Stop the repression in Oaxaca

Posted in PaulHampton's blog on ,

The struggle in Oaxaca was one of high points of workers struggle anywhere in the world last year. Now the movement of teachers and others in APPO is facing savage repression. We need to tell the story of the Oaxacan commune and make practical solidarity with workers under attack. (For an eyewitness account of the struggle on this website click here.)

The latest Mexican Labor News and Analysis contains a report on the situation, based on a visit by trade unionists and lawyers 17-21 December.

The report says that the Mexican National Commission for Human Rights issued its preliminary report on December 18, in which it concluded that 20 people had been killed, 370 injured and 349 imprisoned since June 2, 2006. The delegation were told that many others have disappeared or are in hiding. The Commission reported that it had received 1,211 complaints regarding alleged violations of human rights due to the “improper use of the police forces, arbitrary detentions, people held incommunicado, disappearances, damage, injuries, threats and illegal raids,” concluding: "The parties [to the conflict] and the Federal Preventive Police, which intervened for the purpose of restoring public order, have used violence repeatedly and excessively. As a consequence, the institutional, social and cultural life of the state has been damaged."

Examples of repression in the report are:

On October 28 four people were killed, including indymedia journalist Brad Will and a teacher, Emilio Alonso Fabian.

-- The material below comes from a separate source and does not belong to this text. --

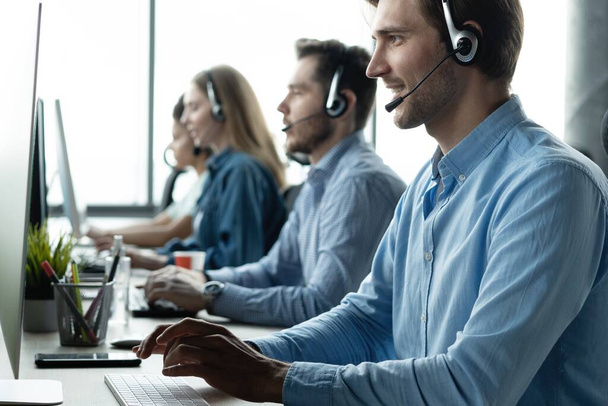 Young handsome male customer support phone operator with headset working in call center - Fotoğraf, Görsel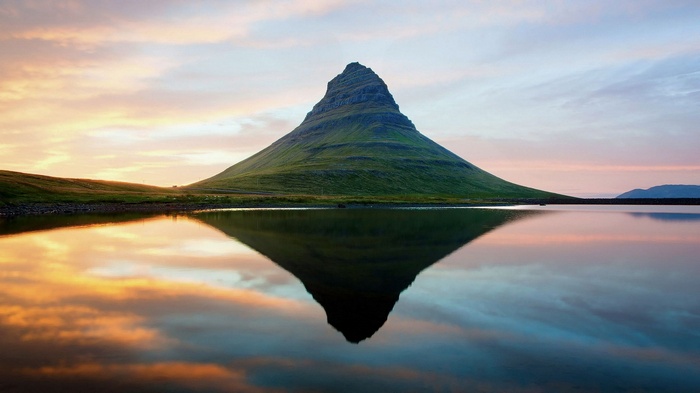 Kirkjufell mountain reflected in water at sunset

The following day, the federal preventive police were sent into Oaxaca.
Then, on November 25th, the federal preventive police in full riot gear responded to provocateurs by firing tear gas into the crowd. The police had encircled the area some six to eight blocks away, so when people ran to escape the police and tear gas, many were picked up who had nothing to do with the march or with APPO.
Men and women were beaten, thrown face down and stacked on trucks. Of the 170 detained that day, 141 were subsequently transported to an airfield where they were taken by helicopter to Nayarit, some 745 miles away… The following week, some teachers were arrested in their classrooms, and people were dragged from their homes.

A student leader was detained by police wearing civilian clothing when leaving a movement radio station. He was hit on the head with a pistol, which left a gash in his face. He was told to write a false confession that he had a pistol and coke and was kicked and hit until he did so. He was also given the names of three activists and told to write that two had burned trucks and the third was the boss of the other two. He heard someone take off his belt and was asked if he had ever been fucked and how it felt. They subsequently sprayed something on his back which he understood they were going to set on fire, although they did not actually do so. Six days later he was finally released on bond and charged with theft.

A university student who was arrested affirmed that they did not have weapons, only papers, and that these were illegal arrests. He said two people were arrested for having union credentials, another for being the group’s spokesperson, one for wearing a Tai Kwan Do jacket, and that he believed that he was arrested for objecting, for having papers where he had written something about what was going on in Oaxaca, and for having UNAM identification. He said that some 200 armed Federal Highway Police stopped them, and hit them for three hours. They put blankets over them and kicked them, he explained, in order not to show marks. They brandished loaded weapons and told them they had three seconds to run. He said they suffered “physical blows and also with words.” When they were transported by helicopter, the police kept threatening to throw them out of the back of the helicopters and asking if they could fly.

We also know about other cases involving teachers:

On Wednesday 18 October, primary school teacher, Pánfilo Hernández Vásquez was coming out of an assembly with neighbours in the Jardín neighbourhood, when he was shot twice in the abdomen. He later died from his injuries.
Source: Narconews

Erangelio Mendoza Gonzalez, former general secretary of Section 22 del SNTE was imprisoned from the beginning of August until the end of October.
Source: Education International

Macario Otálo Padilla, the former director of Section 22 of the National Teachers Union (SNTE) was kidnapped on 18 December with two other APPO activists. They were taken to a private home, beaten and tortured and then dumped behind a shopping mall after a two-hour ordeal.